» BRIEF: Copy the listing exactly; drop the pictures.

» MATERIAL PROVIDED:
↓

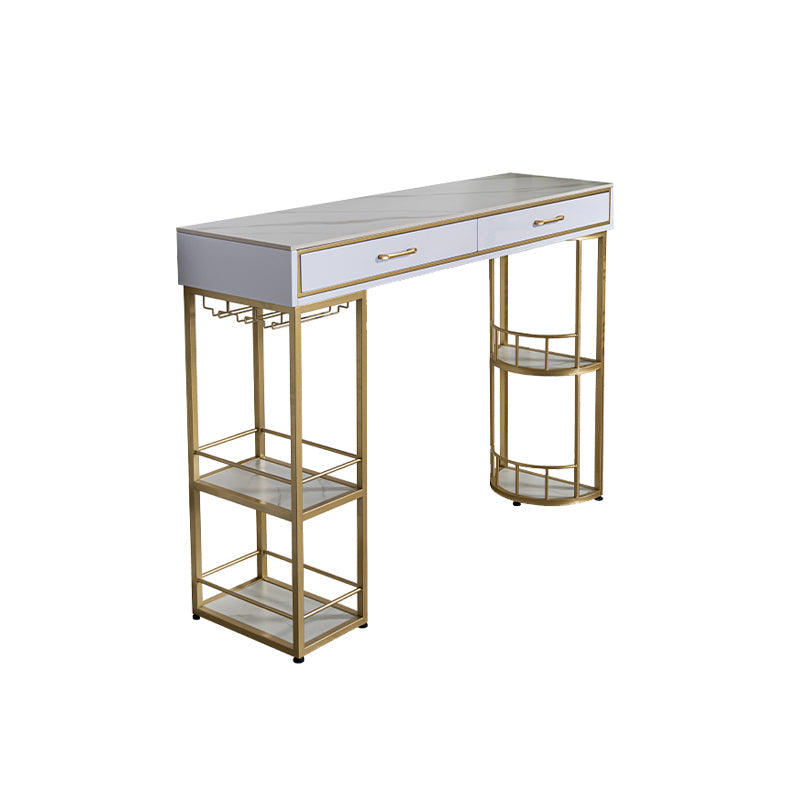 Base de barre de barre de pierre avec tiroirs pour le salon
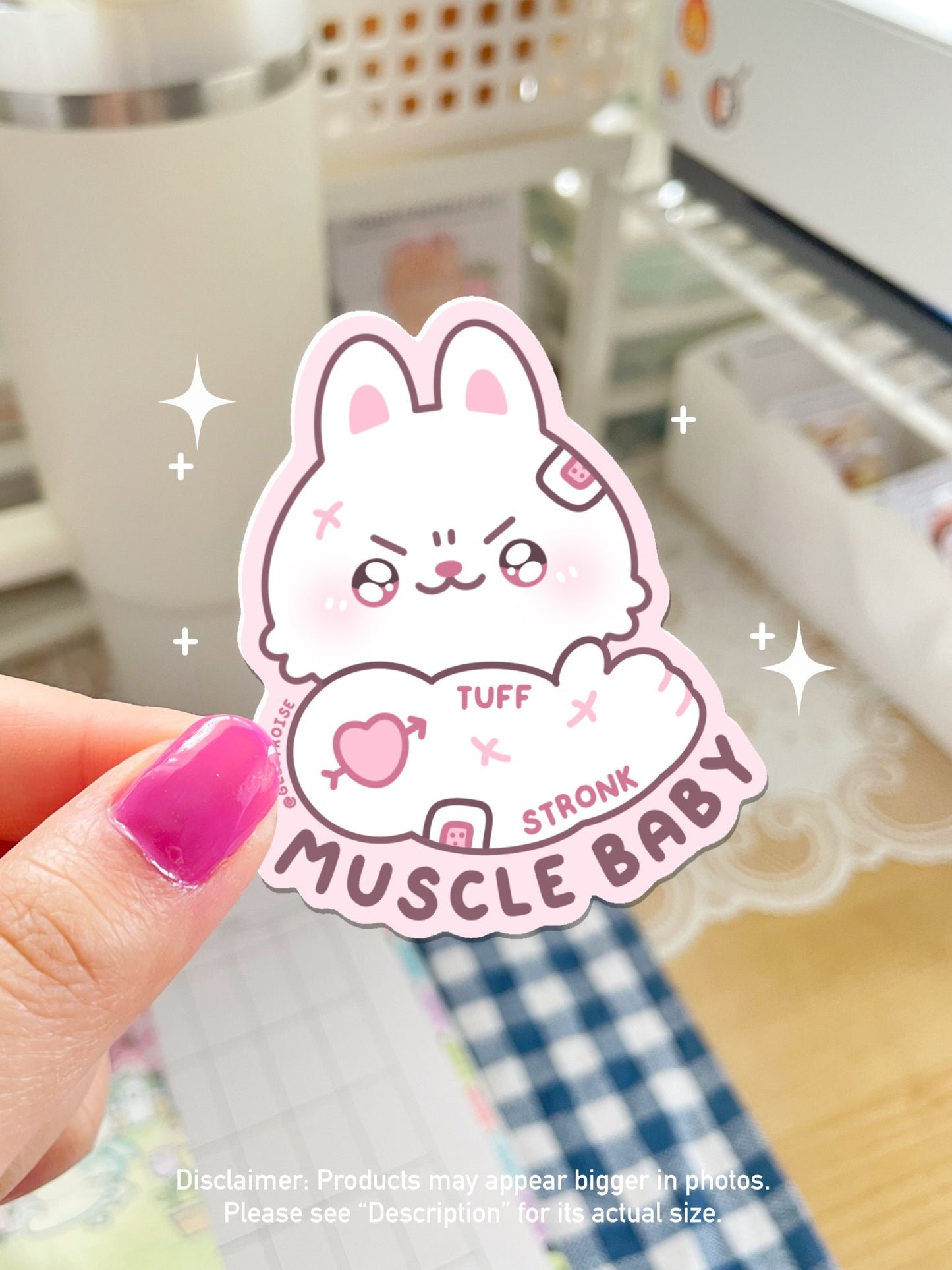 NEW Muscle Baby Bunny Waterproof Sticker - Gelly Roise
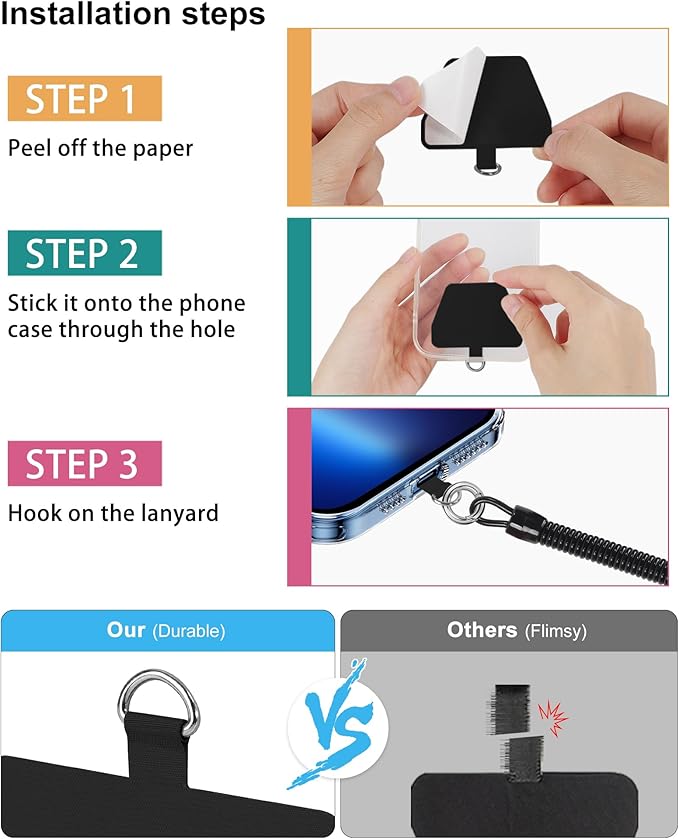 SHANSHUI Phone Lanyard Tether, Stretchy Phone Strap Patch Anchor Outdoor Climbing Hook Compatible for Most Smartphones
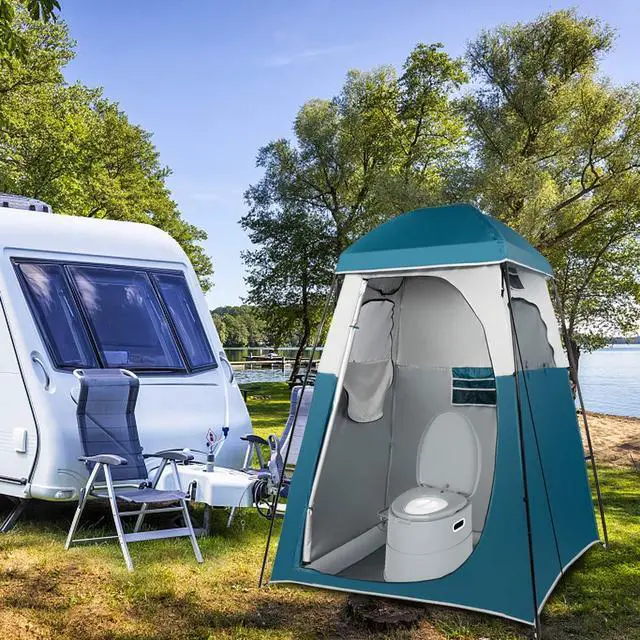 Alt view image 6 of 7 - Portable Toilet | Indoor Outdoor Commode w/Detachable Inner Bucket & Removable Paper Holder, Lightweight & Compact for Camping, Boat, Van, Emergency Use (Grey)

↑

» SOLUTION FOR THIS TASK:
 Base de barre de barre de pierre avec tiroirs pour le salon
 NEW Muscle Baby Bunny Waterproof Sticker - Gelly Roise
 SHANSHUI Phone Lanyard Tether, Stretchy Phone Strap Patch Anchor Outdoor Climbing Hook Compatible for Most Smartphones
 Alt view image 6 of 7 - Portable Toilet | Indoor Outdoor Commode w/Detachable Inner Bucket & Removable Paper Holder, Lightweight & Compact for Camping, Boat, Van, Emergency Use (Grey)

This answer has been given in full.